当前位置:网站首页>High performance spark_ Transformation performance
High performance spark_ Transformation performance
2022-07-05 09:18:00 【sword_ csdn】
Catalog
wide (wide) Dependence and narrowness (narrow) rely on
(1) Narrow dependence (narrow dependencies). Father RDD The maximum number of quilts in each partition of RDD Referenced by a partition of .
(2) Wide dependence (wide dependencies). Father RDD Each partition of is divided into multiple sub RDD The referenced .
for example , Consider the following code code_A
val rdd2 = rdd1.map(x=>(x,1))
val rdd3 = rdd2.groupByKey()
from rdd1 To rdd3 The change of data is shown in the figure below :
from rdd1 To rdd2 It belongs to narrow dependence (narrow dependencies), because rdd2 Each partition data in is only from rdd1 Get . from rdd2 To rdd3 It belongs to wide dependence (wide dependencies), because rdd3 There may be data from multiple partitions in rdd2 Multiple sections of .
narrow There is no data movement between partitions in the conversion process , There is no need to talk with driver node signal communication . When a series of narrow Encountered a wide After the transformation ,Spark Will take this. wide Transform and connect the... In front of it narrow Transformation is regarded as a stage Stage . And the transformation behind it will be counted in the next stage In phase .
One stage Medium narrow The transformation is parallel , and stage And stage Between them is serial . One stage How many partitions are there in ,narrow The parallel number of conversions is as much , The conversion is completed within the partition .wide Before implementing specific operations, the transformation will first realize the transmission of data between different partitions , This operation is called shuffle, The purpose is to put the relevant data into a partition to realize the data conversion within the partition .
(1)“narrow” and “wide” Impact on performance
narrow Conversion ratio wide The conversion runs faster , because narrow Conversion does not result in data transmission between partitions , also narrow The process of transformation does not need to be connected with driver node Interaction , This is the same as wide Conversion is the opposite .
(2)“narrow” and “wide” Impact on fault tolerance
When spark When an error occurs in the calculation of the cluster for the partition , about wide The conversion costs more to recover from this error . because wide Conversion may need to get data from multiple parent partitions when recalculating partitions . And it is easy to cause the problem of memory leakage .
(3) Use coalesce Precautions for
coalesce Methods are generally used to change rdd The number of divisions . When this method is used to reduce the number of partitions , Each parent partition has only one child partition corresponding to it , Because a child partition is a collection of parent partitions . So from that perspective , It belongs to narrow transformation . conversely , When coalesce Method is used to increase the number of partitions , Each parent partition will have multiple child partitions corresponding to it . At this point it wide transformation .
RDD The type of return
If one tuple Type of RDD Lost its schema Information ,Spark Will use “Any” Instead of , for example :RDD[Any] and RDD[(Any,Int)]. At this time, when some methods are executed , Compilation cannot pass , for example :sortByKey.sortByKey The method actually depends on key There are some hidden sortable possibilities for the value of , for example : Alphabetical order , Number sorting and so on . There are also many numerical methods, such as :max,min, and sum We also need to rely on RDD The data in is Long,Int Or is it double type .
DataFrame Medium Row It's a weak type , from DataFrame Turn into RDD, The type of some values will become “Any”, This is a sign of missing value type management information . So in this process, it's best to DataFrame Of schema Information is recorded with a variable .
Besides Dataset API It's a strong type , So it translates into RDD after , The value of each row will retain its type information .

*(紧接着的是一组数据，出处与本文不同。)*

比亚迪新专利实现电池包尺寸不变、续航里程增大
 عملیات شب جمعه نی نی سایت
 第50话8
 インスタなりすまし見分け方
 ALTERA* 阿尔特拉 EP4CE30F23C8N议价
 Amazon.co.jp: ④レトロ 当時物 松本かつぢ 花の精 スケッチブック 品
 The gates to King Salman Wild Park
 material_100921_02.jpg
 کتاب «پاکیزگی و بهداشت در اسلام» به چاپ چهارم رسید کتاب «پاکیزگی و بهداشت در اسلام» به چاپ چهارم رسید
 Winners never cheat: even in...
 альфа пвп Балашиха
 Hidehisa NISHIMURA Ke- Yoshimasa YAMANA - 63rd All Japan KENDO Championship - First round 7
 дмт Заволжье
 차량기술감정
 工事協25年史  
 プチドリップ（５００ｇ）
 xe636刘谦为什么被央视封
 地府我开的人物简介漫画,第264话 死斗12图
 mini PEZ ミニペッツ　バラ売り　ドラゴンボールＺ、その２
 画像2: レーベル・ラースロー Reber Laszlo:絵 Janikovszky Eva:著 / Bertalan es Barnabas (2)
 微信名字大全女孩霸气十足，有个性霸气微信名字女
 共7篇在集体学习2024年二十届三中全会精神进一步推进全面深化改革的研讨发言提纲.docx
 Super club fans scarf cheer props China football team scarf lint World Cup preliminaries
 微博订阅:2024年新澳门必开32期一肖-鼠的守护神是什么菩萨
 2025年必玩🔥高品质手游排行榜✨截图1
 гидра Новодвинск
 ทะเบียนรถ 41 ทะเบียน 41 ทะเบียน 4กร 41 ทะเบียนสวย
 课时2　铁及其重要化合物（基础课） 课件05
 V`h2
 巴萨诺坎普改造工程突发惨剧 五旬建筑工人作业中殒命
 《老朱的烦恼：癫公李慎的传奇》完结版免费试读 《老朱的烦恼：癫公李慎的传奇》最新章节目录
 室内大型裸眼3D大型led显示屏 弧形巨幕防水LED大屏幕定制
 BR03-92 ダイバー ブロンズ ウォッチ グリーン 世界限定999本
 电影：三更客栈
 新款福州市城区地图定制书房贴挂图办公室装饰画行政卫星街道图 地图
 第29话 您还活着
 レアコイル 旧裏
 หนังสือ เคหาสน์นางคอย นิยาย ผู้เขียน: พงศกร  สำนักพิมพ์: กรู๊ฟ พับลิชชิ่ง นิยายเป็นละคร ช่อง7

Reduce the creation of objects
“ Garbage collection ” To create objects for recycling (object) Resources allocated when . So if Spark The more objects created in the job ,“ Garbage collection ” The higher the cost caused by the mechanism . So it is recommended that Spark Reduce the use of objects , Or multipoint reuse objects .
Use mapPartitions
rdd Of mapPartitions yes map A variation of , Both of them can process data in parallel . There are many differences between the two .
The first is the granularity of parallel processing data
(1)map Of input transformation Apply to every element .
(2)mapPartitions Of input transformation Apply to each partition .
Suppose a rdd Yes 10 Elements (1 2 3 4 5 6 7 8 9 10), Divide into 3 Zones , The test code is as follows
val a = sc.parallelize(1 to 10,3)
def handlePerElement(e:Int):Int={
println("element="+e)
}
def handlePerPartition(iter:Iterator[Int]:Iterator[Int]={
println("run in partition")
var res = for(e<-iter) yield e*2
res
}
val b = a.map(handlePerElement).collect
val c = a.mapPartitions(handlePerPartition).collect
Run the above code test and you can see , Based on element granularity handlePerElement Function output 10 Time , Based on partition granularity handlePerPartition Output 3 Time .
Input function to get data
be based on map call handlePerElement when , It's actually map Put the data PUSH To handlePerElement in , And when mapPartitions call handlePerPartition when , It is handlePerPartition Take the initiative PULL Take the data .
Dealing with big data sets
handlePerElement and handlePerPartition Initialize a time-consuming resource , And then use , For example, database connection .handlePerPartition Just initialize 3 A resource ( Every section 1 individual ),handlePerElement To initialize 10 Time ( Every element 1 individual ), In the case of big data , The number of elements in the data set is much larger than the number of partitions , therefore mapPartitions The cost is much smaller , Convenient for batch operation .
Sharing of variables
Spark There are two types of shared variables in : Accumulators and broadcast variables . Accumulators are used to aggregate information , Broadcast variables are used to efficiently distribute large objects .
Closure
Suppose there's a piece of code
var n = 1
val func = (i:Int)=>i+n
function func There are two variables ,n and i, among i Is the formal parameter of the function , That is to say Enter the reference , stay func When the function is called ,i Will be given a new value , be called Bound variable (bound variable), and n Is defined in the function func Outside , The function is not given any value , be called Free variable (free variable).
image func Function like this , The result of a function that depends on one or more external variables , Capture these free variables and form a closed function , be called “ Closure ”.
Suppose there is an example of cumulative summation , The code is as follows :
var sum = 0
val arr = Array(1,2,3,4,5)
sc.parallelize(arr).foreach(x=>sum+=x)
println(sum)
This code will not achieve sum=15 The effect of . It is sum=0. The reason for this result is the existence of closures .
In the cluster ,Spark Actually, Hui is right RDD The operation processing of is decomposed into Tasks, Every Task from Executor perform . Before execution ,Spark Calculation task The closure of ( That is, in the above code foreach()). The closure will be serialized and sent to each Executor, But only copies are sent .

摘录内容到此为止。